Montreal, QC, August 2010
About this photo: We're sharing sepia-toned pictures as part of this week's Thematic. Go here to share yours, or here to learn how the whole thing works. Or just read on if you're in the mood to be amused.You don't see public lockers too often these days. Security concerns - thanks, Osama - have prompted places like airports and shopping malls to pull them out. Which means we're rapidly running out of places to store the burgeoning piles of stuff we inevitably accumulate when we're out and about.
Bowling alleys are, somewhat interestingly, exempt from this trend. I'm thinking the average cave-dwelling terrorist doesn't curse the Brunswick name at least once every waking moment, and hasn't identified these temples of childhood and post-retiree recreation as worthwhile targets of misplaced, hatred-driven opportunity.
Which is just as well, because places like this are interesting throwbacks to a simpler time*, and I'd hate to think of a world without strikes, spares, gutter balls and really cheesy-looking shirts. It strangely brings me comfort to know bowling alleys continue to survive and thrive.
Your turn: It's easy to dismiss bowling as a ridiculously stupid pastime. Throw a ball down a lane; knock down some pins; repeat. But I suspect there's more to it than that. What's its appeal, then?
One more thing: Why 42? I didn't even realize its significance until I composed the shot. Once I did, I had a good laugh. Which made total strangers look up and furrow their brows in my general direction. I hope fans of the late Douglas Adams enjoy the numeric reference.

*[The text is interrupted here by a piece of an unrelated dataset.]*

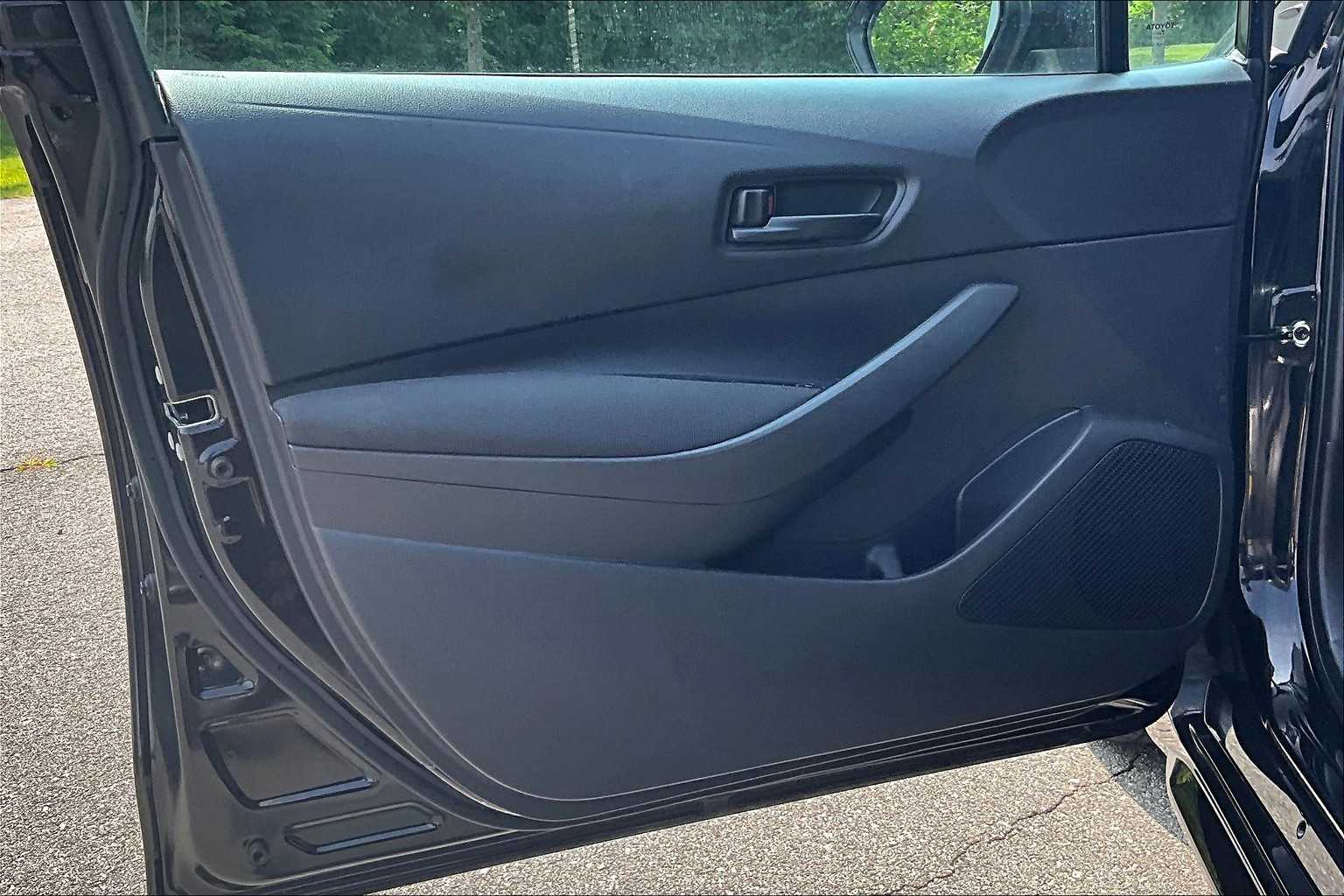 2024 Toyota Corolla LE - Photo 9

* Disclosure: My mother dragged my very young self to her bowling league at a place in Chomedey known, then as now, as the Recreatheque. To this day, walking into any bowling alley ignites memories of sitting on the creaky, two-toned plastic seats while the ladies clucked around me in between frames. I took this picture, as an adult, as my wife and kids watched my now-retired mother bowl with her league. It was a good day, and definitely a circle of life-type moment.